Before my move to LA, I had stumbled upon a drawing class in the LA area. It was different then any I'd seen before. This one meets every thurs night, has pop and refreshments for the students and has a variety of artists from the greater LA area that attend. But the biggest difference for me was the fact that each week is a different theme. This past week was James Bond, circa Casino Royale. It's run by a guy named Bob Kato, who teaches at a local college. I was awed by some of the artists work that I saw on the site's blog. Great stuff!

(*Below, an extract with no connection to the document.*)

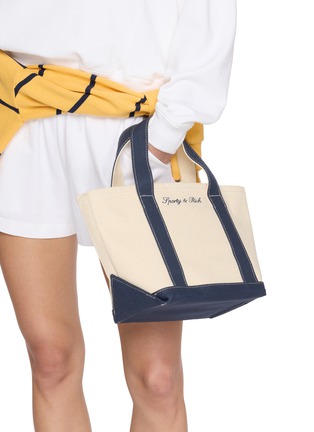 模特儿示范图 - 点击放大 - SPORTY & RICH - 迷你 SERIF 帆布托特包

So, I get an email when I arrive in LA announcing the next weeks theme. I look at my schedule and decide I'm going to attend. The day comes...I'm both excited and unsure. Normal feelings for me when I am entering into an unknown situation alone. I sit in my car for a few minutes, because of course, I'm early by 15 minutes. Another thing that I happen to do when I'm new to a situation. I then decide on streamlining my art supplies, and opt NOT to take in my entire "art store" supply and just take in some trusty pencils and erasers and pencil sharpner, as well as a cheap pad of drawing paper. I walk into the industrial type building and up some stairs. There are props and things along the stair, such as a holiday lawn snowman. I get to the top of the stairs and find a large room with a desert scene surrounded by drawing horses and chairs. In the back, a few people were sitting on couches talking. A man stands up and walks towards me, introducing himself as Bob Kato. After some small talk and directions to the refreshments, I found my chosen station and started to set up. Soon, the model arrived and more and more artists walked up the stairs. With each new face, I was feeling more and more unsure about being here. It's been months since my last life drawing session and years since the ones before that. Rusty would put it mildly. But no stopping now. When the model struck his first pose, the James Bond soundtrack was playing in the background and the film "Casino Royale" was being projected on the wall.

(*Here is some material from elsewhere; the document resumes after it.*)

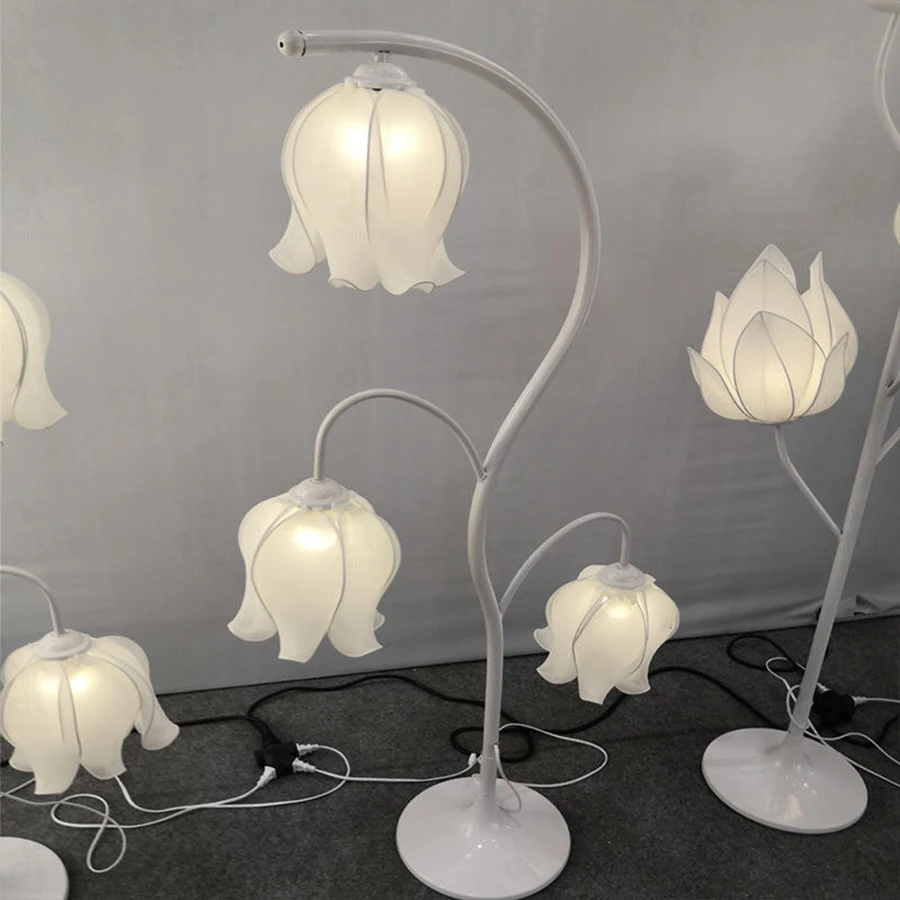 Flower Shaped Floor Lamp Acrylic Lampshade Metal Base Road Guide Lamp for Wedding Decor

Three hours and two cokes later, the movie finished and I had roughly ten 5-10 minute sketches. Through the time, Bob had given suggestions to those that wanted them and even had some mini teaching times with others. He was really friendly and helped make the time really worth it. After the first couple 5 minute sketches, I felt a little more free. A little more confident. When I went into this I was searching for someone to tell me what I needed to do to create drawings that studios wanted to see. During the session, a light flipped on. I started to understand more of what my drawings were lacking and even getting a better idea of how you have geometry and form in any drawing. No matter if your goal is realistic or totally stylistic. I didn't want the time to end..I was just getting into my groove. I was feeling like I could hack it with these people. I didn't want to wait a week to come back. But this is something I have to do...wait.